Another Way of Making Plarn

There’s more than one way of upcycling plastic bags into plarn (also known as plastic yarn). The most common method involves flattening the bag out, folding one side to the other side one inch at a time, then clipping off the top and bottom of the bag so that you’re left with a cylinder shape (still folded up). Then you clip the cylinder into 1/2-inch-wide loops. Finally, each loop is tied on to the next, which effectively turns the bag into a double string of plastic yarn with frequent knots in it.

If you’d like your plarn to turn out a little smoother, shake the cylinder open instead of clipping it into strips. Starting at a random point on one of the open sides, cut the cylinder into one long, continuous inch-wide spiral strip. Knot the strip cut from one bag to the strip from the next bag, and so on. You get a single strip that’s about equal in thickness to the one generated by the method above, and the knots are much less frequent.

Although the number of knots in your plarn creation will affect the look of the finished product somewhat, you can use either type of plarn for any plarn pattern. We’ve supplied a link to one of the best repositories for plarn patterns at the bottom of this article, but your own collection of knitting and crochet patterns is the best place to start looking. In general, patterns written for worsted weight yarn can be knit or crocheted with a single strand of plarn.

Tips for Knitting and Crocheting With Plarn

So you’ve got your knitting needles or crochet hook, a plarn pattern and a pile of plastic yarn. What now?

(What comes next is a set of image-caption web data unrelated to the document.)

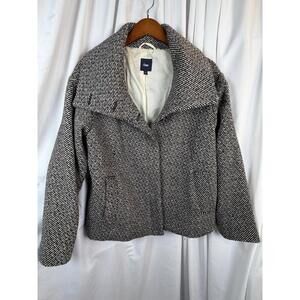 GAP Black and Beige Striped Heavy Winter Coat With Fold Over Size 8 Classic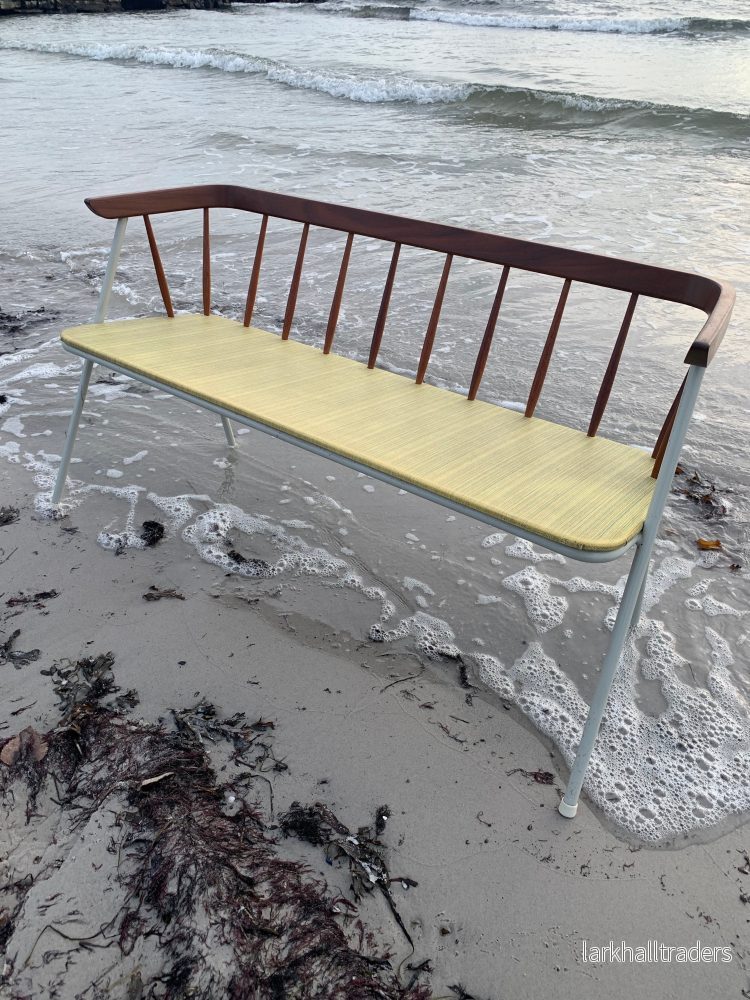 Bänk med fina trädetaljer - Bild 3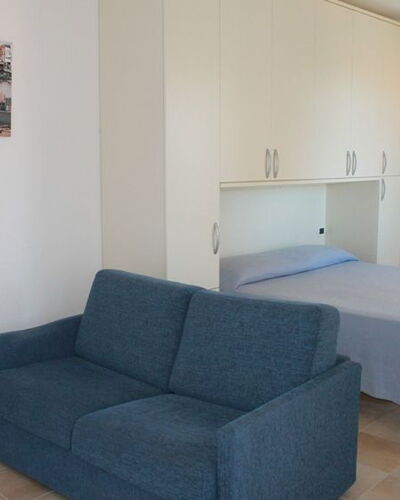 Monolocale Con Piccolo Terrazzo 210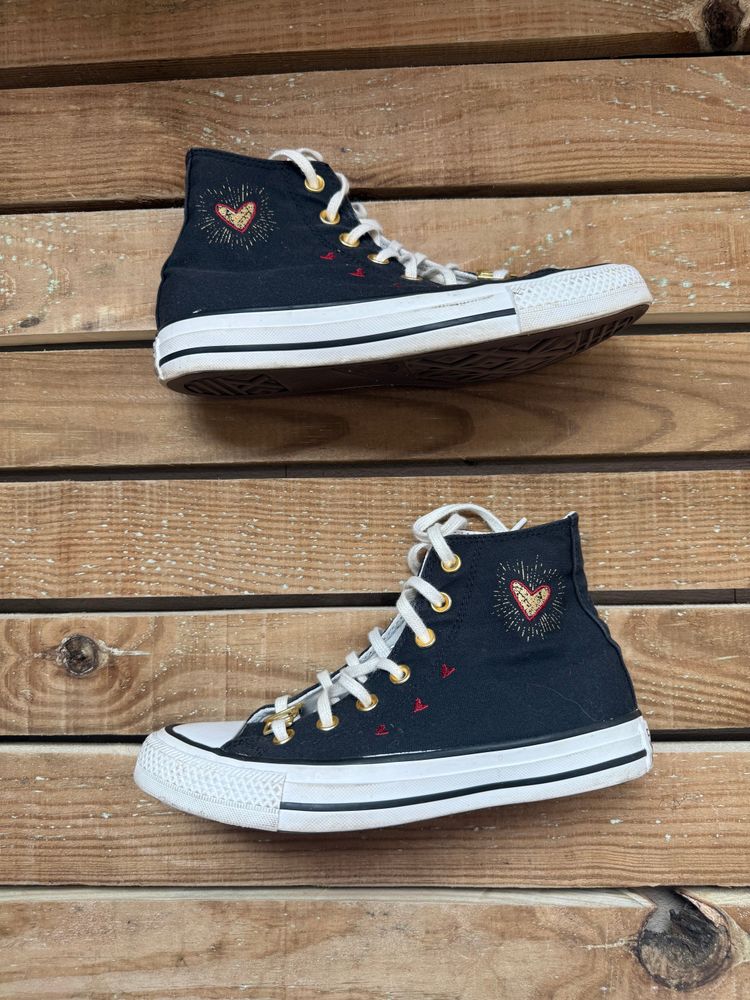 Converse Valentines Day All Star high-top trainers. UK4.5 EU37.5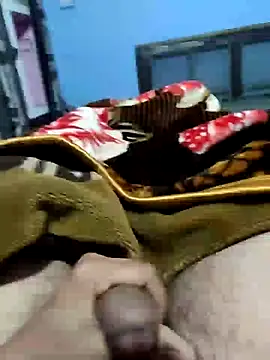 Snapshot of Deshilund9 chatting on January 7, 2025, 2:19 pm Deshilund9 online show from January 7, 2025, 2:19 pm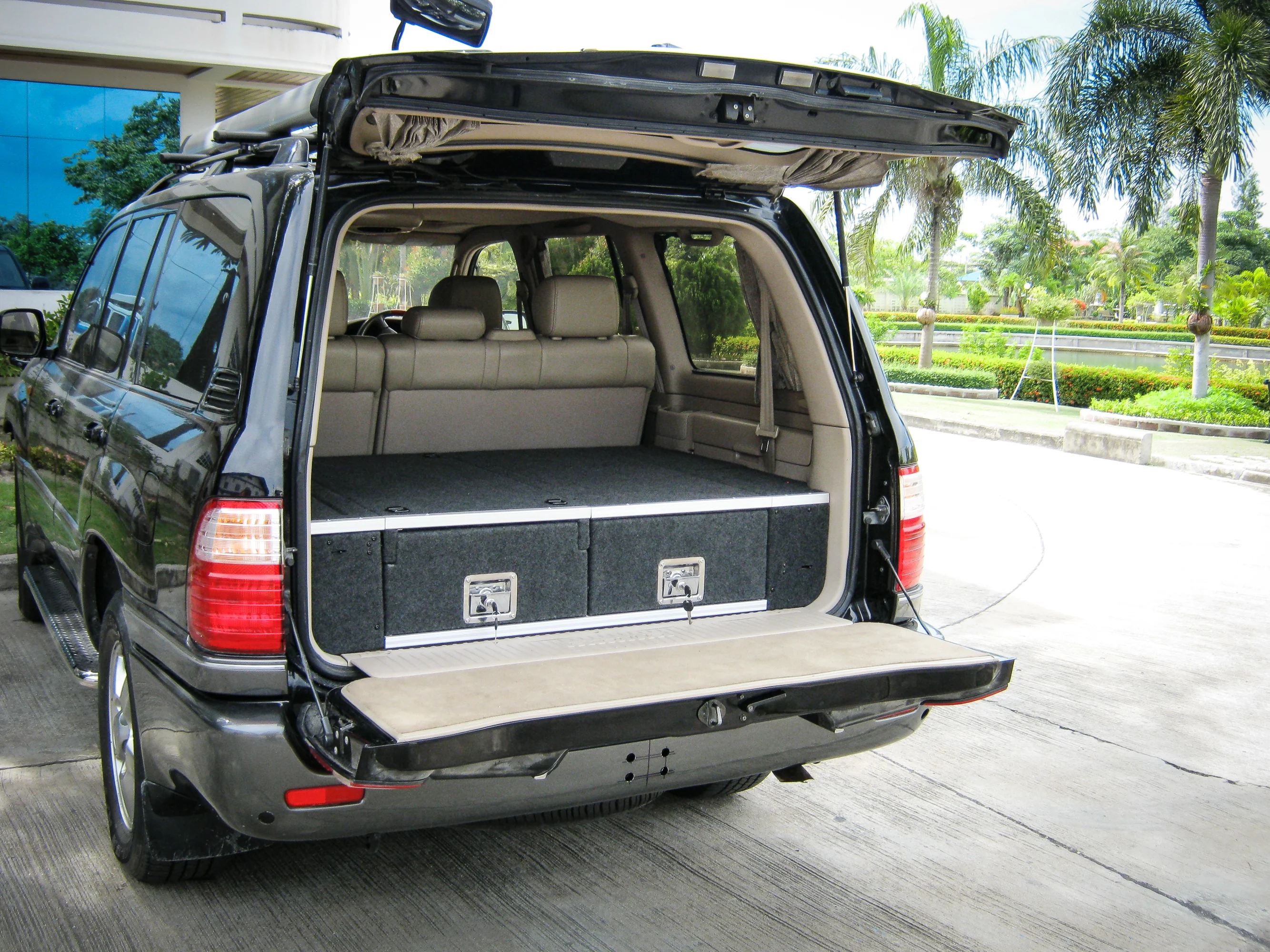 Land Cruiser 100 series 1998-2007 4402 Galvanised Steel Carpet Dual Drawer System with Small Fridge Slide Package - SKU MCC-01007-4402S - Image 3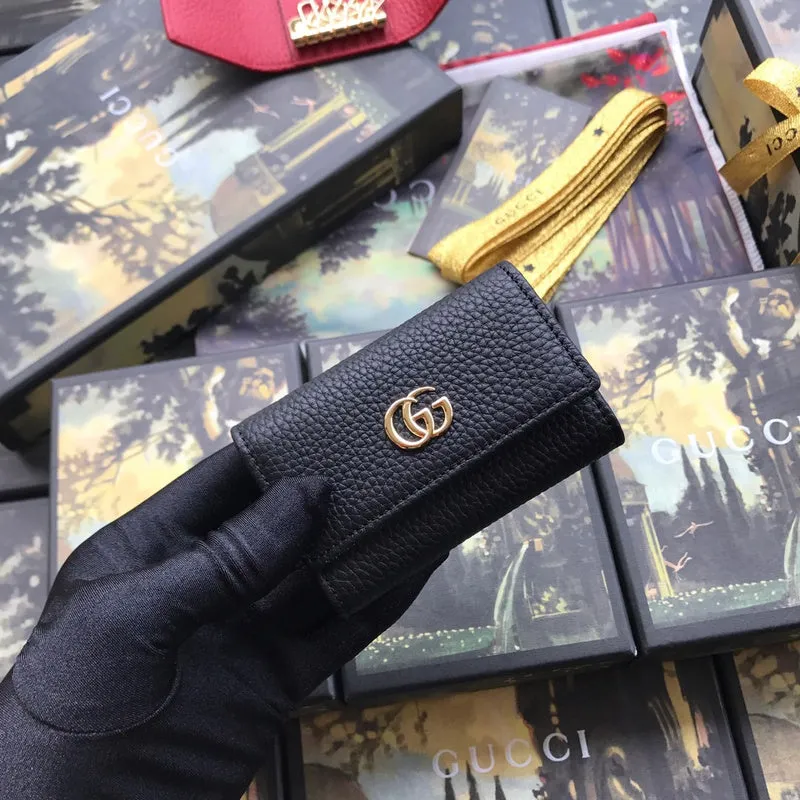 Gucci   Luxury Bags  907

Start just as you’d begin any other pattern and make a gauge swatch and adjust hook or needle size as necessary to reach the desired gauge. Not only will your plarn have its own unique consistency, depending on the plastic bags you made it from and how wide you cut the strips, your own unique knitting style will affect your gauge with plarn, just as it does with yarn.

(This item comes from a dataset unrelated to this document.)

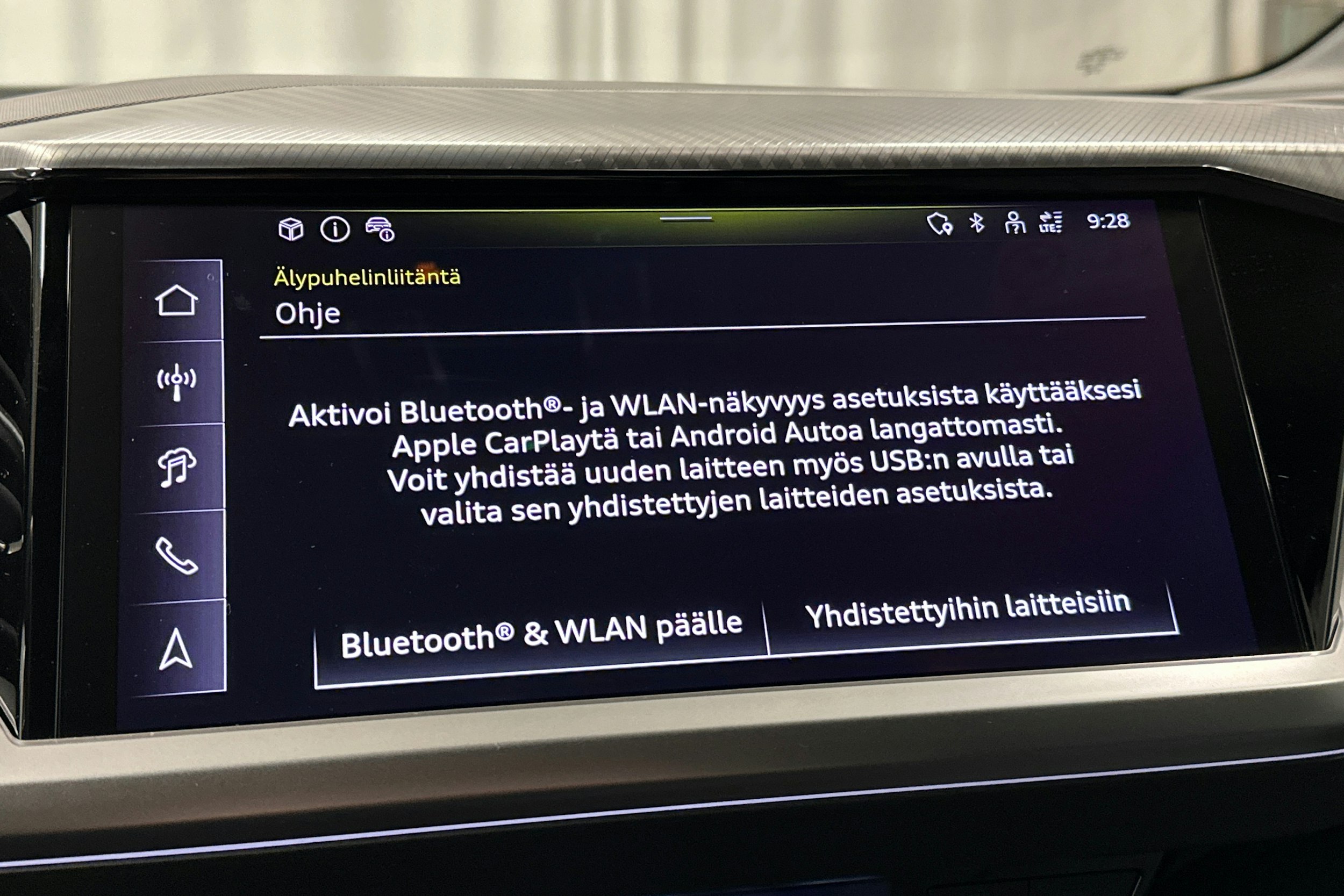 musta Audi Q4 e-tron 2025 kuva 26.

Once you get started working with your plarn, make sure to keep constant tension on it. The plastic is going to stretch and thin out a bit as you apply tension, so keeping the tension constant doesn’t just keep your stitches even; it also keeps the consistency of your “yarn” even and reduces your chance of accidentally breaking through it.

Some of the Best Plarn Pattern Databases

Plarn may be best-known as a way of recycling plastic shopping bags into… shopping bags. Although reusable plarn bags are definitely chic, there’s a lot more you can do with this versatile material. MyRecycledBags.com and Plastic Bag Crafts are two of the best sources of creative plarn patterns and project ideas. Other useful websites include the crochet plarn pattern sections of CraftFreely.com and Crochet Pattern Central, and you’ll find free plarn knitting and crochet patterns on many craft blogs. Two favorites with most crafters are the plarn coasters from Plastic Bag Crafts and a crocheted plarn soap dish from Crochet Spot.